**YOUR ASSIGNMENT**
In the entries below, the lines from the one with "Stern-Apotheke Schwebheim Gesundheitsmesse-2019" through the one with "Embossed T-shirt Black" are to be copied exactly; both ends count.

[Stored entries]
------------------------------------------------------------

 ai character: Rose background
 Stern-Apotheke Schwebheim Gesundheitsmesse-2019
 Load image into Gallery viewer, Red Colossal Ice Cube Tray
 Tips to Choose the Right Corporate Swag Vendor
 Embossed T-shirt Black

------------------------------------------------------------

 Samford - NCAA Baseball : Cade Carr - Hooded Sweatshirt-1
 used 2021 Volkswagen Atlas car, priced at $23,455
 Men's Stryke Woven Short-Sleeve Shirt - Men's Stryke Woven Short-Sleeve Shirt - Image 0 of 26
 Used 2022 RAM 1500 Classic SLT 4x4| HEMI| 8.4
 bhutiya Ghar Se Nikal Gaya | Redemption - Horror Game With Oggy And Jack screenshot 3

------------------------------------------------------------

**EXPECTED OUTPUT**
 Stern-Apotheke Schwebheim Gesundheitsmesse-2019
 Load image into Gallery viewer, Red Colossal Ice Cube Tray
 Tips to Choose the Right Corporate Swag Vendor
 Embossed T-shirt Black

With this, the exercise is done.